For nearly 20 years, the former psychologist has been competing in bodybuilding competitions around the world, while putting a dent in ageist stereotypes.
“My aim is not to rival those younger than me,” the grandmother of three from Granville, Sydney, recently told The Daily Telegraph. “My aim is to show what’s possible and to motivate and encourage women of any age, to live the life they want to live and not be bound by traditional stereotypes and roles and the expectations of others.”
Lorriane, who began her bodybuilding career at 55 “amid doubters and scoffers,” according to her website, says she shocked American audiences when she first started competing internationally in 1999.
“I won two gold medals and the American audiences went wild to see a small woman over 50 competing. They simply had no idea that a female over 50 could be strong and in-shape and put on a bikini and compete on stage in public,” she tells the Telegraph. ‘It was on the flight home from the USA that it occurred to me to work to update the unflattering traditional stereotypical image of the older woman.”
Nearly 20 years later, Lorraine now has 23 titles to her name.
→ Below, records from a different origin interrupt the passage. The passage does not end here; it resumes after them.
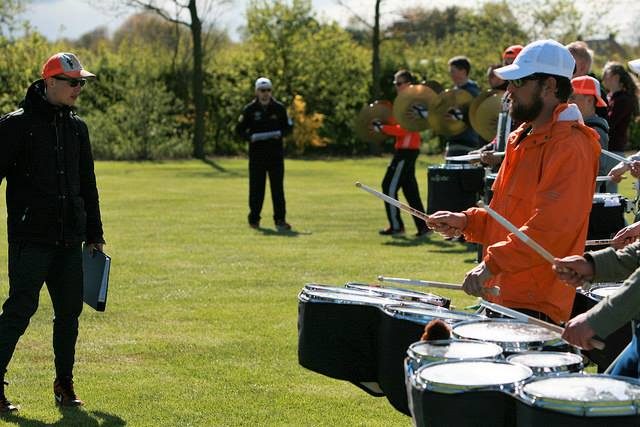 Dit Paasweekend repeteert Jubal drie dagen in het Brabantse Eersel (foto 3 van 3)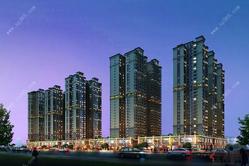 江悦蓝湾多变SOHO 不可错过的自住投资佳选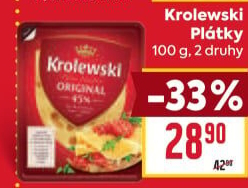 Sýr Krolewski Milkpol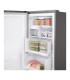 Twin Refrigerator Freezer LG GC-F401ELDZ GC-B404ELRZ Silver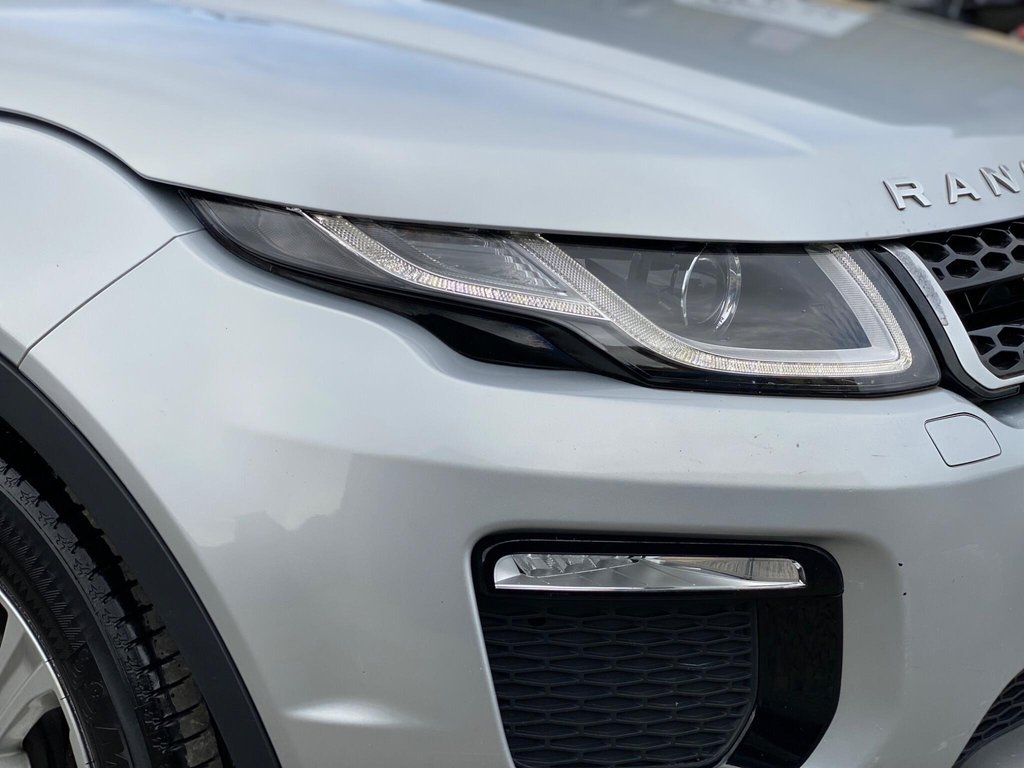 Used Land Rover Range Rover Evoque 2017 for sale - 76035128: Photo 22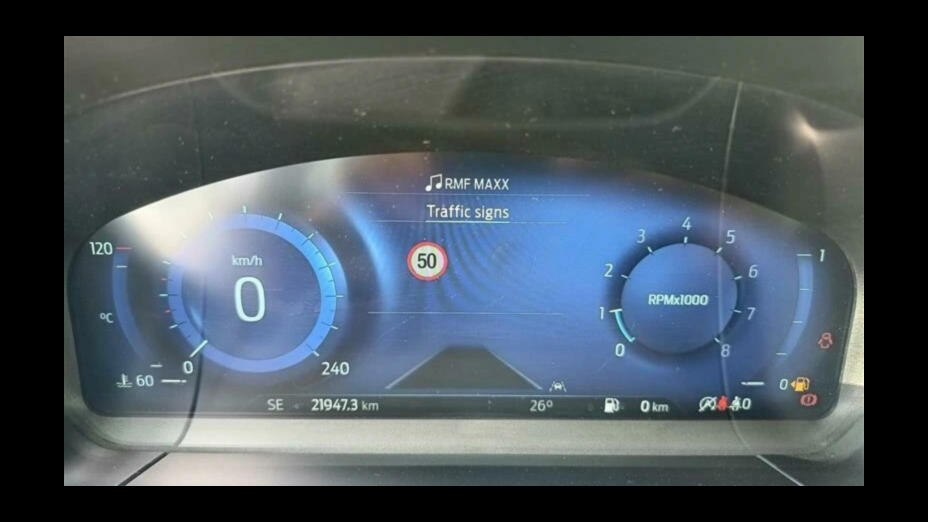 FORD Kuga Kuga 1.5 EcoBoost FWD Titanium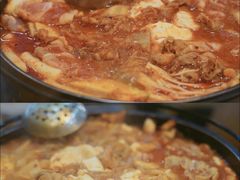 -朴鲸家正宗韩国料理(福田店)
For her next challenge, she’ll compete in another natural body building competition, where she’ll likely be the oldest woman in her category, according to The Daily Telegraph.
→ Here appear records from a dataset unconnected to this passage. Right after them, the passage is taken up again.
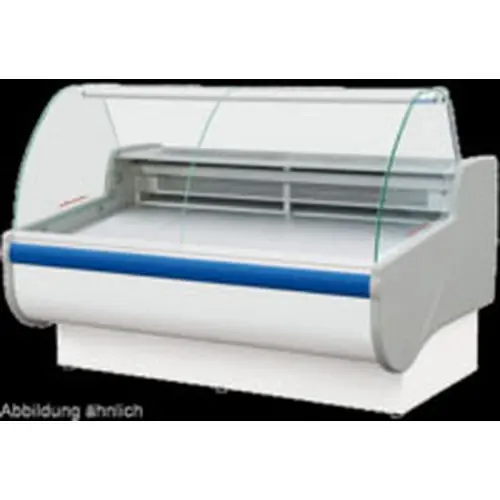Frischwarentheke Merado Lux 2010 U ZK weiß 230 Volt Geprüft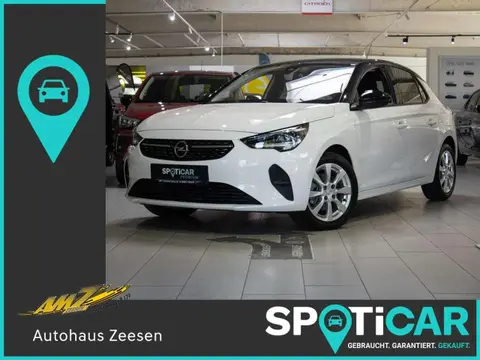 Annonce OPEL CORSA Essence 2021 d'occasion Allemagne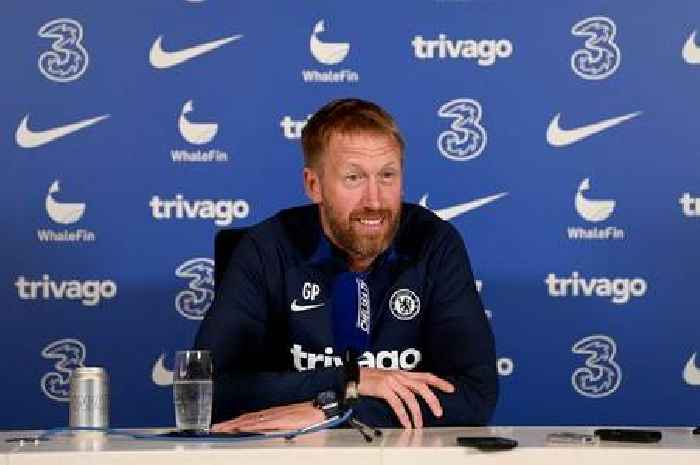 Graham Potter confirms Wesley Fofana injury news but delivers positive update about Chelsea star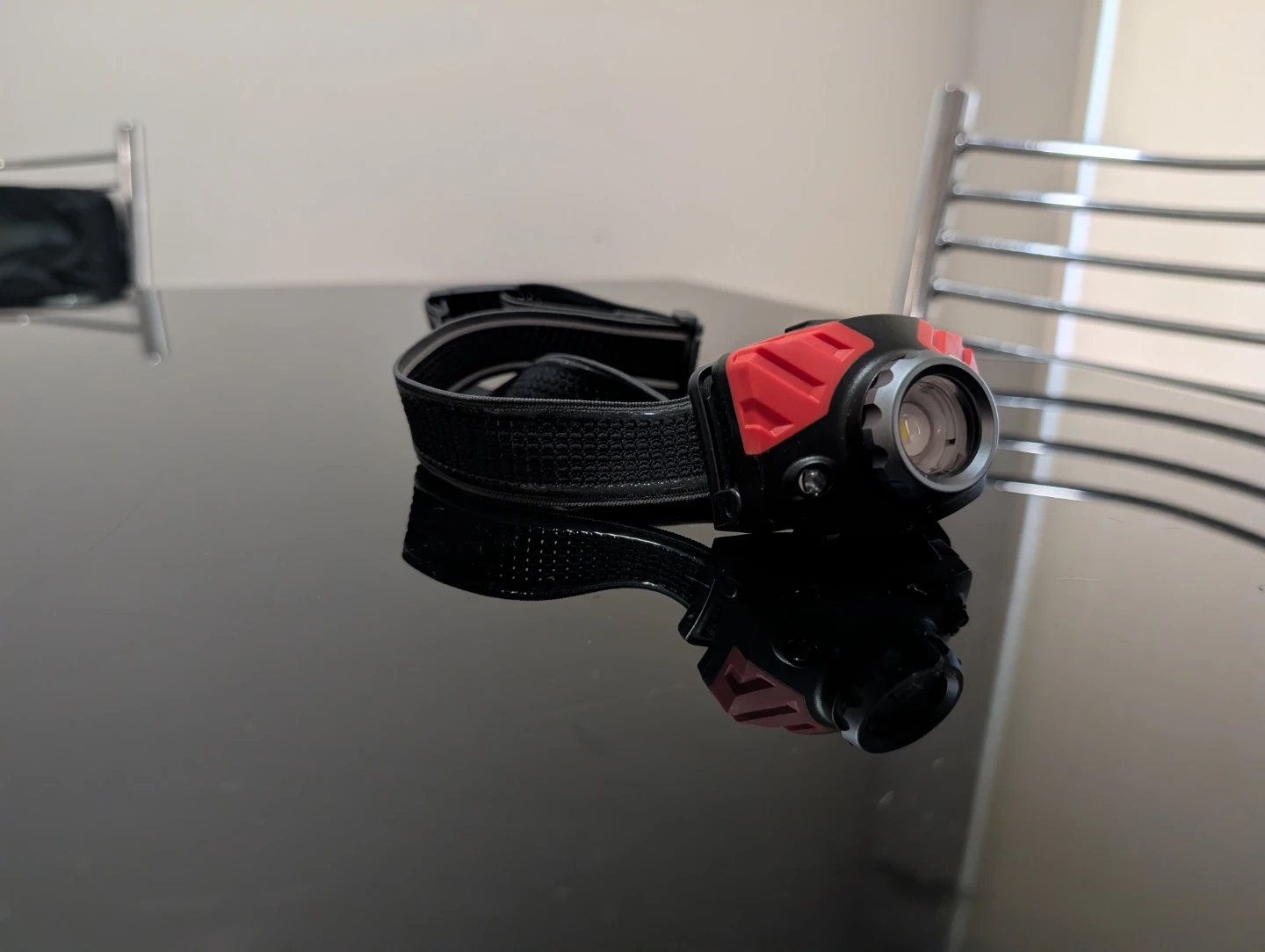 Red and Black Headlamp - photo 2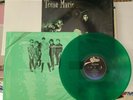 Teena Marie SUPER RARE Emerald City GREEN MARBLE LP PROMO NM Vinyl In Shrink NFS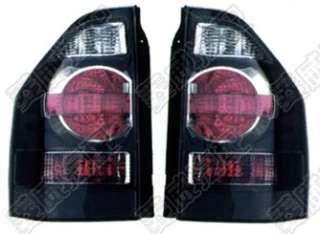 Mitsubishi Pajero 3 фонарь левый, правый черный MR954703 MR954704 паджеро 3 цена за 1 штуку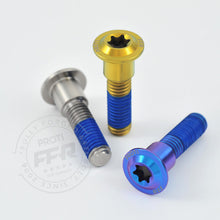 Proti Front Disc R/L Bolt Kit for the Suzuki GSXR 750 (2004-2005)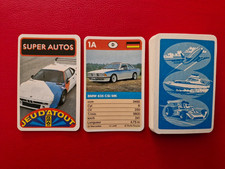 Quartett super autos gebraucht kaufen Quartett super autos gebraucht kaufen  München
When she’s preparing for a contest, Lorraine says her typical week involves training major muscle groups at the gym on Mondays, Wednesdays and Fridays. On Tuesdays, Thursdays and Saturdays, she runs nearly 5 miles, and does 30 full push-ups, 30 tricep push-ups, 30 blackleg raises and two minutes of ab work.
But Lorraine says she follows the same “nude food” diet year-round, regardless of whether she’s prepping for a contest.
“I eat what I call natural nude food which means food without condiments or sauces,” she explains. “My diet is mainly unprocessed food, mainly salads and a small piece of microwaved sweet potato.”
Lorraine adds that grilled chicken, grilled fish and eye fillet steak are the only meats she eats. But she does leave room for a little indulgence, eating one cookie and one square of 90 percent sugar-free chocolate a day.
“I also enjoy a glass of wine with my evening meal,” she added.
Lorraine told the Australian Broadcasting Company last year that bodybuilding gives her a strong sense of confidence.
“Rather than being 74 and feeling awful and embarrassed, I feel good. Head up, strong, I strut along the street,” Lorraine told the site at the time. “I’m probably the oldest female by far who is competing at the moment.”
The bodybuilder, who is also a motivational speaker, writes about her journey in a blog, telling about her “gym family,” self image and more.
“Many older people in particular find themselves no longer feeling useful, relevant or worthwhile and many focus on what they once were instead of focusing on becoming more of who they are,” she wrote in one blog post. “Age doesn’t have to determine anything.”
And, for Lorraine, it never will.
She tells the Telegraph she has no plans of slowing down.
“I’ll always be training for as long as I live because I know what would happen to my body if I stopped,” she says. “Many people even younger than me are getting around in walking frames and many lack both energy and strength and can no longer engage fully in life.”